*** MATERIAL PROVIDED Section Begins ***

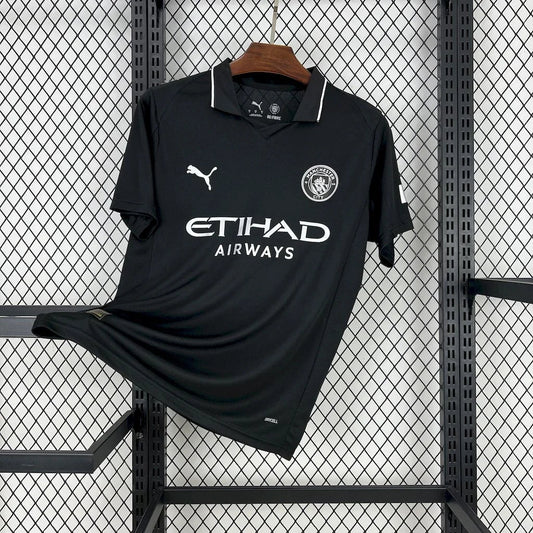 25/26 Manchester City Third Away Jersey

*** MATERIAL PROVIDED Section Ends ***
*** MATERIAL PROVIDED Section Begins ***

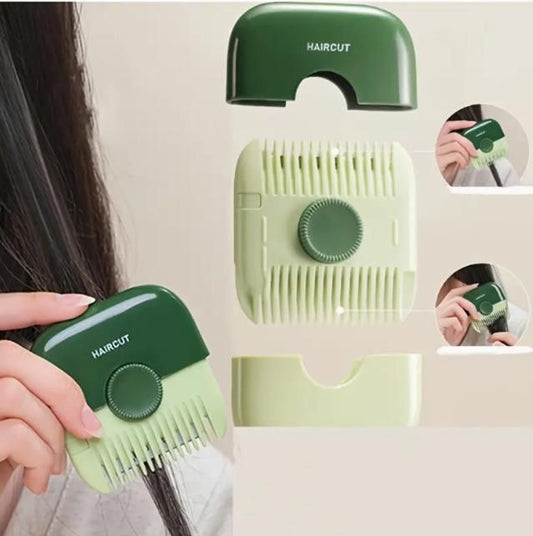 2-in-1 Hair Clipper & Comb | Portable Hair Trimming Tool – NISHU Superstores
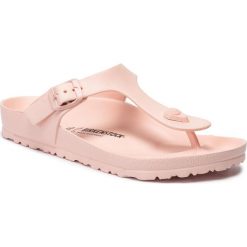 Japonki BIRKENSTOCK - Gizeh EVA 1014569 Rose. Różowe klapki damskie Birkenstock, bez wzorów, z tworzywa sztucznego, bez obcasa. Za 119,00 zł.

*** MATERIAL PROVIDED Section Ends ***

### INSTRUCTIONS TO FOLLOW
Once the line with "2-in-1 Hair Clipper" is found above, transcribe each line from it through the line with "Japonki BIRKENSTOCK - Gizeh", exactly, and omit the pictures.

### OUTPUT
 2-in-1 Hair Clipper & Comb | Portable Hair Trimming Tool – NISHU Superstores
 Japonki BIRKENSTOCK - Gizeh EVA 1014569 Rose. Różowe klapki damskie Birkenstock, bez wzorów, z tworzywa sztucznego, bez obcasa. Za 119,00 zł.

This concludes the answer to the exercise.